Reproduce the lines below verbatim. Pictures are to be omitted.

Data section:
========================================

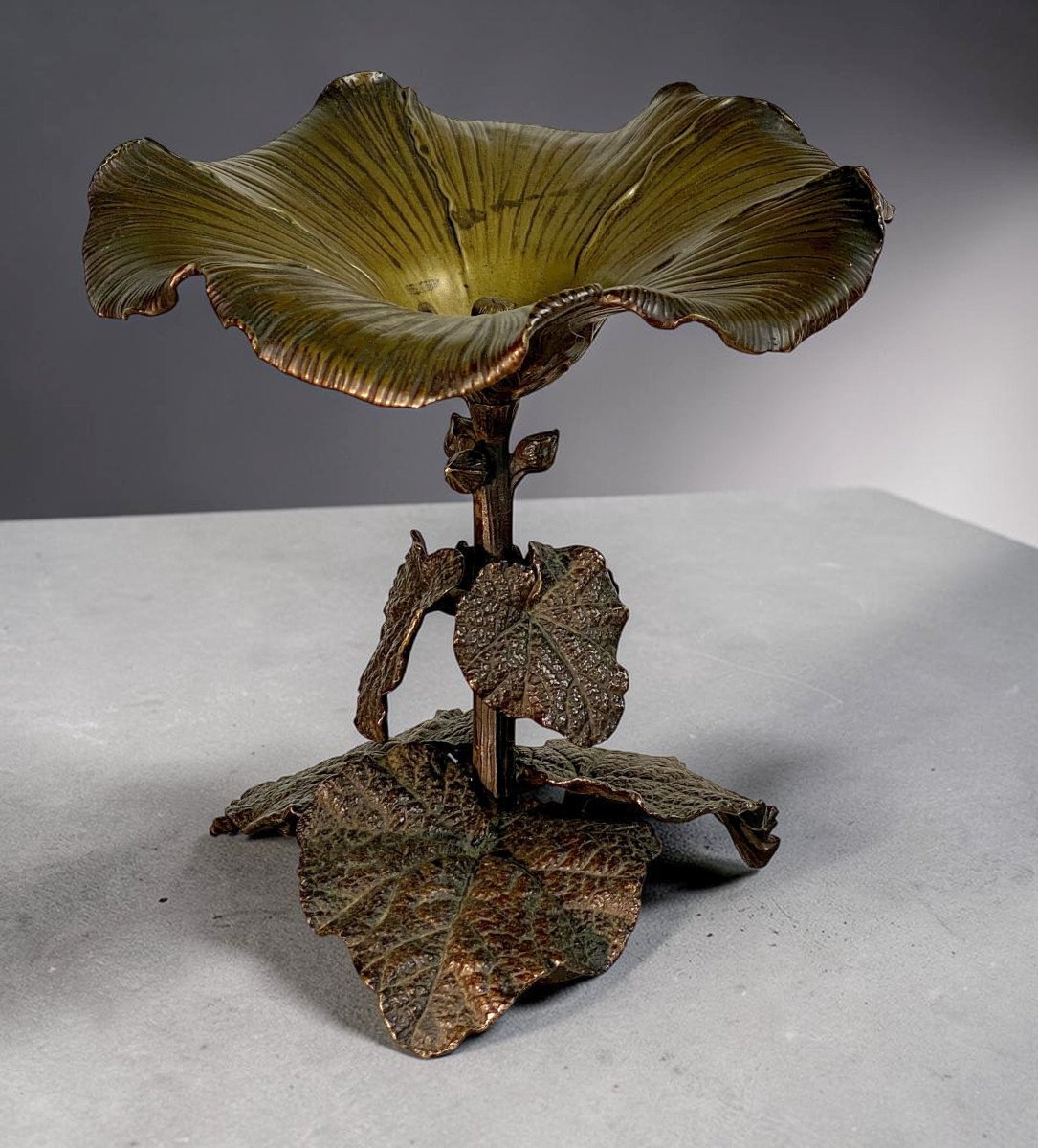 PAIRE DE COUPES EN BRONZE PATINÉ A DECOR VEGETAL – SUSSE FRERES- ART NOUVEAU-photo-3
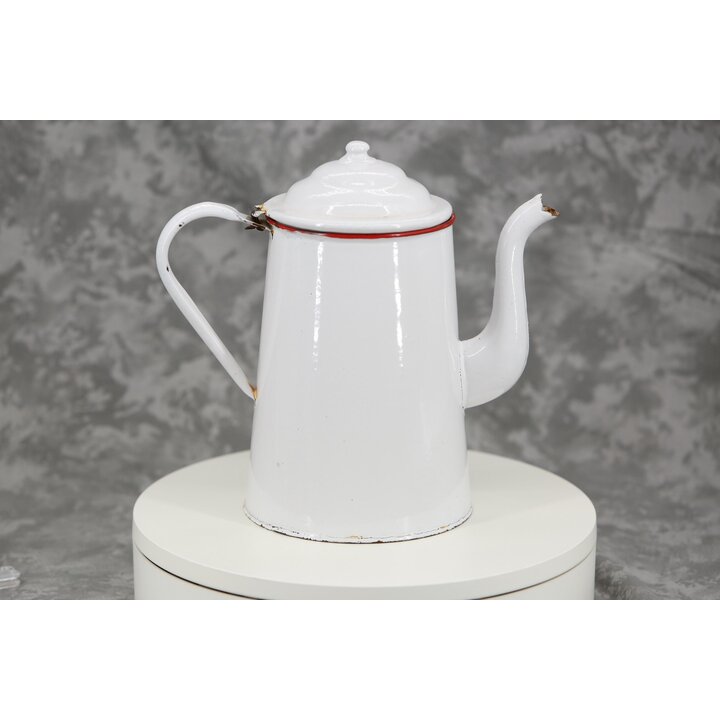 Kaffeekanne Emaille Weiß mit Roter Kante Klappdeckel, Vintage Emaillierte Kanne 2 Liter, Rustikale Landhaus Deko Kaffeekanne 25 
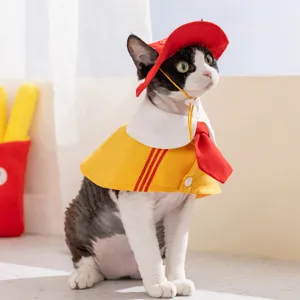 Lindo disfraz de gato para primavera y verano, capa transpirable para mascotas con sombrero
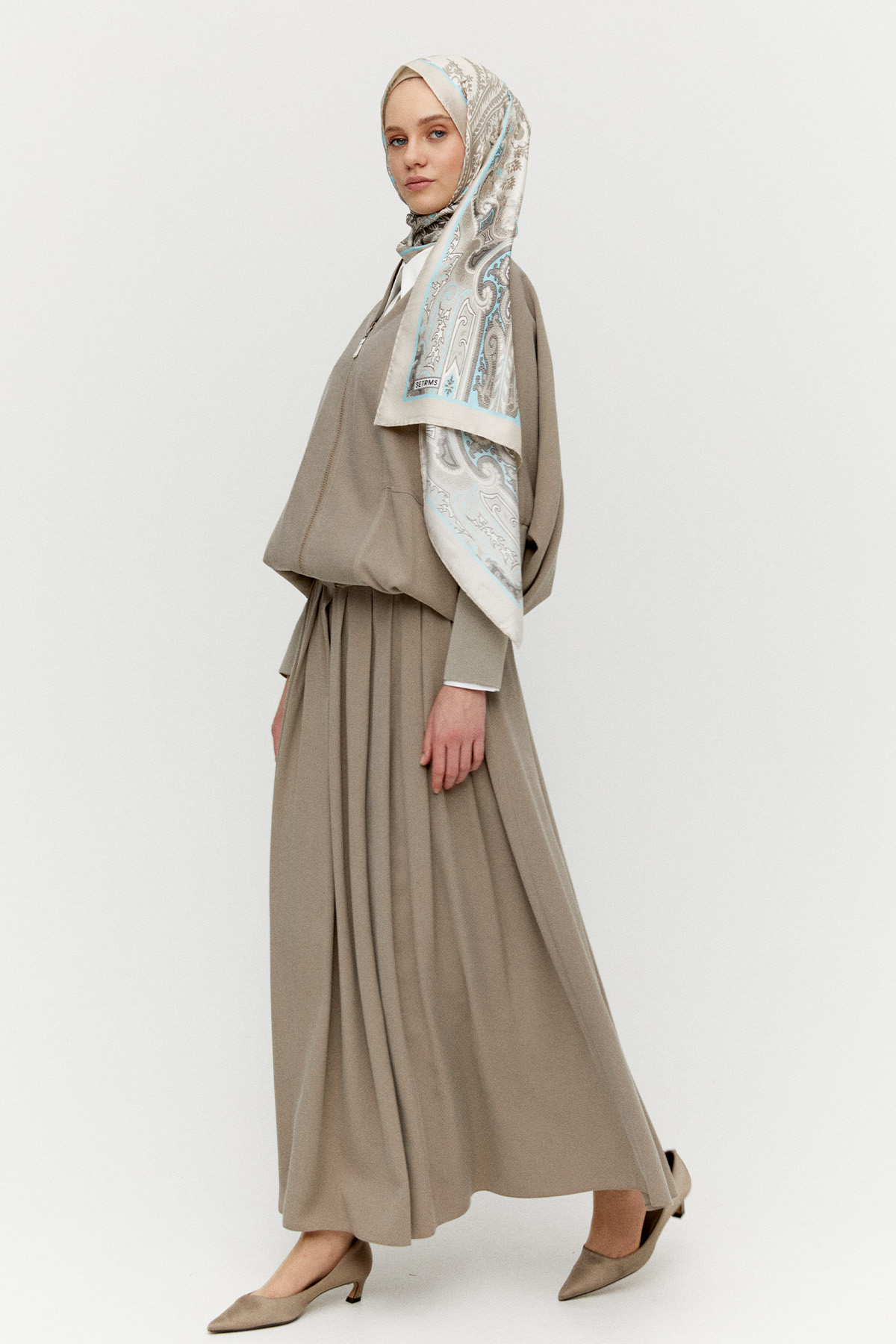 Stoper Detaylı Tunikli Pilikaşe Etek İkili Takım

========================================

Response area:
 PAIRE DE COUPES EN BRONZE PATINÉ A DECOR VEGETAL – SUSSE FRERES- ART NOUVEAU-photo-3
 Kaffeekanne Emaille Weiß mit Roter Kante Klappdeckel, Vintage Emaillierte Kanne 2 Liter, Rustikale Landhaus Deko Kaffeekanne 25 
 Lindo disfraz de gato para primavera y verano, capa transpirable para mascotas con sombrero
 Stoper Detaylı Tunikli Pilikaşe Etek İkili Takım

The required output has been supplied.